• [Dataset items]:
***

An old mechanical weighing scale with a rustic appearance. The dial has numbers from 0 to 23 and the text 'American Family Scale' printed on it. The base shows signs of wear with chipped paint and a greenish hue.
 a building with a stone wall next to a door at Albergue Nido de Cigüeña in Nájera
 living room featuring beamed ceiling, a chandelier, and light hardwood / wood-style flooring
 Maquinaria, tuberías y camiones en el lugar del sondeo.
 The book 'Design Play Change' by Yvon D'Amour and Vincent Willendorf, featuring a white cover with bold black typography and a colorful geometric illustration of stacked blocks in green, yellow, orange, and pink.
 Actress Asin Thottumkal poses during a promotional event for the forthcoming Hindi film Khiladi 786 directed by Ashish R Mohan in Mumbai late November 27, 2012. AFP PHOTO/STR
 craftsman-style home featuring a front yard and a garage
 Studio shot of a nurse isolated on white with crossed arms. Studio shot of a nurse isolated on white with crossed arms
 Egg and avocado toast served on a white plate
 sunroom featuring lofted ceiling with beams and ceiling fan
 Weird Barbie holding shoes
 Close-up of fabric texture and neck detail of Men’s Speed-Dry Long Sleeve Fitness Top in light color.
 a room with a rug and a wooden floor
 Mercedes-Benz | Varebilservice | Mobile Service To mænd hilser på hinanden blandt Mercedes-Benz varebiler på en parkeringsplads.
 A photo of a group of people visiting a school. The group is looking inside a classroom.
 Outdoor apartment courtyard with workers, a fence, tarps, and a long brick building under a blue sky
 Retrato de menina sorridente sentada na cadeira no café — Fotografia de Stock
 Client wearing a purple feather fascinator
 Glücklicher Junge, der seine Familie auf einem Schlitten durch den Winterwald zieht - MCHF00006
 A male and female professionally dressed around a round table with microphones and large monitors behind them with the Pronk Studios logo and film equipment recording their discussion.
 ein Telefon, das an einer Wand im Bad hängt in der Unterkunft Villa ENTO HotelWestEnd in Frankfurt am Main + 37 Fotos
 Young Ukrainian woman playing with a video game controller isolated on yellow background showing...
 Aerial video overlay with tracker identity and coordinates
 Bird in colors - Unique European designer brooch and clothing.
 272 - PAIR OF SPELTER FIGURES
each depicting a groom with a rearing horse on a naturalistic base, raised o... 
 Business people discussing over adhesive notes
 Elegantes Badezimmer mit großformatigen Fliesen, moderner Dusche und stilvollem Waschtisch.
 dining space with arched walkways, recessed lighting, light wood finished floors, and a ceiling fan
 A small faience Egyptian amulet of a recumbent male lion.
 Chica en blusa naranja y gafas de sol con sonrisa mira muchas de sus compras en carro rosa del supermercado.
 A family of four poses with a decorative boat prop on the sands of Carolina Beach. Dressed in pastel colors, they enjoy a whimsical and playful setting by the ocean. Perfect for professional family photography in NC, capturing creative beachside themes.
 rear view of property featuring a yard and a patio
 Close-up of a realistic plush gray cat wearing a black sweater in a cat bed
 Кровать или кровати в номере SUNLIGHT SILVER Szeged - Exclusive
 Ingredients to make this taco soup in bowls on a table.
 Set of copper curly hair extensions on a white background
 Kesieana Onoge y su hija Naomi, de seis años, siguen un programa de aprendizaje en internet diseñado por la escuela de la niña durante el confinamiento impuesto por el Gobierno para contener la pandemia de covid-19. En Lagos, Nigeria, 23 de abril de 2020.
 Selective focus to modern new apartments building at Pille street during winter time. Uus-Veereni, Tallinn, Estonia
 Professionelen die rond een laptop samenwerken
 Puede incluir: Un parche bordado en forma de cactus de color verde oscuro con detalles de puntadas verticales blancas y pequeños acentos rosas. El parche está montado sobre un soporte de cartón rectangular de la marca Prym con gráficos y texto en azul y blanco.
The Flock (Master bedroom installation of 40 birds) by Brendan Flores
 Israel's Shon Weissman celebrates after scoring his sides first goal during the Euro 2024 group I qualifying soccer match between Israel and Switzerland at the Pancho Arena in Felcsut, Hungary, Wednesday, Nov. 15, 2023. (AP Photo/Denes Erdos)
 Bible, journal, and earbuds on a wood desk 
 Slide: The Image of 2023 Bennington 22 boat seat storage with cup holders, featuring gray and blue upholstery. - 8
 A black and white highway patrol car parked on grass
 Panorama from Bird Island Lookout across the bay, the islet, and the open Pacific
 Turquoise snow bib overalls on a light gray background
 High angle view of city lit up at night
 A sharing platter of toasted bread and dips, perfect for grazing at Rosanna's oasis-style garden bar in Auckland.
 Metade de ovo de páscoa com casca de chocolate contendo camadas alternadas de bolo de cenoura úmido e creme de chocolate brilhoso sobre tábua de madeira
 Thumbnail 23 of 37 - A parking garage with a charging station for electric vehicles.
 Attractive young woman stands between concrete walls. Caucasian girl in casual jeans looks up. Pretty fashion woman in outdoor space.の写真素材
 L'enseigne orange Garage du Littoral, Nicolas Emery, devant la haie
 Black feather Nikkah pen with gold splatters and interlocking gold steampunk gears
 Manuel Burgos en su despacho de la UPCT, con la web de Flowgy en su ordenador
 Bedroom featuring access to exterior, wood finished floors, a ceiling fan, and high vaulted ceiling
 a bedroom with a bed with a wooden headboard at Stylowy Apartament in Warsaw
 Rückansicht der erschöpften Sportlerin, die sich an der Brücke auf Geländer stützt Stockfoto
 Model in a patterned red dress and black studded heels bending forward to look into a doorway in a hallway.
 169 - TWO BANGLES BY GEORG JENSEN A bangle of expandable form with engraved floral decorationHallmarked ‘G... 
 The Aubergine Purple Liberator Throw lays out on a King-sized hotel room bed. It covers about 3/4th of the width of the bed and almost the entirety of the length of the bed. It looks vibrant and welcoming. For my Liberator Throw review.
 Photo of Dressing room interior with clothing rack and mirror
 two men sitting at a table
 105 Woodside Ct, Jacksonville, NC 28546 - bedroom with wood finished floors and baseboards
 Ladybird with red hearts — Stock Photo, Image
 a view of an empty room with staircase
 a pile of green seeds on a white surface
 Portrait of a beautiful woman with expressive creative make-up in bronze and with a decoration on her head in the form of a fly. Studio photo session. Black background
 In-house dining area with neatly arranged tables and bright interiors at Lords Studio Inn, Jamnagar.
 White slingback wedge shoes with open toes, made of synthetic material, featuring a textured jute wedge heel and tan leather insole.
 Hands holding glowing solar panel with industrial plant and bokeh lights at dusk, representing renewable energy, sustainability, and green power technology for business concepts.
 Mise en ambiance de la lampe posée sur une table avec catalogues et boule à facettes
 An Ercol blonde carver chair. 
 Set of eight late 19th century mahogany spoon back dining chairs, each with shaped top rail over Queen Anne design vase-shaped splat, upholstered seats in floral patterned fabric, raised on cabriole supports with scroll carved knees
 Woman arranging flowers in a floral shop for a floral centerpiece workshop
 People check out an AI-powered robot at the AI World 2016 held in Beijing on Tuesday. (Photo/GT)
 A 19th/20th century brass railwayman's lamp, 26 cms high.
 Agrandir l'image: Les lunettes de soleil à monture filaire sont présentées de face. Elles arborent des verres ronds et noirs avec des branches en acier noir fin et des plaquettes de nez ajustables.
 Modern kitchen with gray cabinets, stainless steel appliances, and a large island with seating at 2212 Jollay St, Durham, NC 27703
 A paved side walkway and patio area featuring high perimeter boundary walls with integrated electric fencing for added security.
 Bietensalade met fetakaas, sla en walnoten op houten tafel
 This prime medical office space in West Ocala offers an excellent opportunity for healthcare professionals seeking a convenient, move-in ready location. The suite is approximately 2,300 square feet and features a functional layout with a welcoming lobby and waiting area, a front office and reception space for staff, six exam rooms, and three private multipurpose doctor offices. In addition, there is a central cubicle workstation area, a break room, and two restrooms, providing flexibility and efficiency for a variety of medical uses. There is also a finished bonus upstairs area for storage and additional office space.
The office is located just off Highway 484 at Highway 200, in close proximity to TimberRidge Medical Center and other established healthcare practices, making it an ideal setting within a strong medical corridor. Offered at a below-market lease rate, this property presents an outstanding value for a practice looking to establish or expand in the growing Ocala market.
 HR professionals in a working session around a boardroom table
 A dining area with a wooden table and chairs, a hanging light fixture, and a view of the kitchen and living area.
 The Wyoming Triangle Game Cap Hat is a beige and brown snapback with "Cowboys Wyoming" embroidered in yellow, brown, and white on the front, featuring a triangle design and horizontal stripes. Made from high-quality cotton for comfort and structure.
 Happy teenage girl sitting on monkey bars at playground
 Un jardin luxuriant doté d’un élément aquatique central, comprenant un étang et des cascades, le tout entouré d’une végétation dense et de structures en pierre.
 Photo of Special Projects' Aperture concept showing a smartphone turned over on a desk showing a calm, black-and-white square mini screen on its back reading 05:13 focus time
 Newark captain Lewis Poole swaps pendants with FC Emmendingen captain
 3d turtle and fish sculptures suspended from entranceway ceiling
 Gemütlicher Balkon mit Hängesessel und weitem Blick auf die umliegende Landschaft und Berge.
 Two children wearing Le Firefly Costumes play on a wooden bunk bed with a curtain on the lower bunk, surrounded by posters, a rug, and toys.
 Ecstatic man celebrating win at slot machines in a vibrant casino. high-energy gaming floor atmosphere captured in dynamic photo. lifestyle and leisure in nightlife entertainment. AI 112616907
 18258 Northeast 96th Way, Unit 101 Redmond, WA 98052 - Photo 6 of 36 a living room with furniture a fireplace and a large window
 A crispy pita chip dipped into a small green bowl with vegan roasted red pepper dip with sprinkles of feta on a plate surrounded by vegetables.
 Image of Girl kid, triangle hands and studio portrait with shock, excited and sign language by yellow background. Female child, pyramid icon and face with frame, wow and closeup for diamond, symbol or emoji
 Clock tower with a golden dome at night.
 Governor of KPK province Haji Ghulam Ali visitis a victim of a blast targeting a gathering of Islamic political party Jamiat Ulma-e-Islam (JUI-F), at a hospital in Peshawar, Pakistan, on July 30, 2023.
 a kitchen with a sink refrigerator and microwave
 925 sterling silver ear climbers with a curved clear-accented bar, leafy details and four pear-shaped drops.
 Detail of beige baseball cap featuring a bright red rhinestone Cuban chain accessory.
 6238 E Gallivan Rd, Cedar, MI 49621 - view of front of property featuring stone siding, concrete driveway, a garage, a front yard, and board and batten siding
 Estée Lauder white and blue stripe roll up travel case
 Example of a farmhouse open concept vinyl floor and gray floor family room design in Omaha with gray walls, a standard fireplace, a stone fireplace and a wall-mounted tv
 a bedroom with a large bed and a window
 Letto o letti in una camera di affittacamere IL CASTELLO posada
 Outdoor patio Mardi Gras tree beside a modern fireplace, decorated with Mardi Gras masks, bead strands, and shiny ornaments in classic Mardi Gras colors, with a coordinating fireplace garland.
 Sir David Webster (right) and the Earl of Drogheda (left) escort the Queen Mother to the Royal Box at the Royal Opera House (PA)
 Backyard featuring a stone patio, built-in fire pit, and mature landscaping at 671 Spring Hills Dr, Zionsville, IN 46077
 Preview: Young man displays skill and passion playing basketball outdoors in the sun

***

Exact reproduction is required: output the lines from the start of the entries above through the line with "a building with".

An old mechanical weighing scale with a rustic appearance. The dial has numbers from 0 to 23 and the text 'American Family Scale' printed on it. The base shows signs of wear with chipped paint and a greenish hue.
 a building with a stone wall next to a door at Albergue Nido de Cigüeña in Nájera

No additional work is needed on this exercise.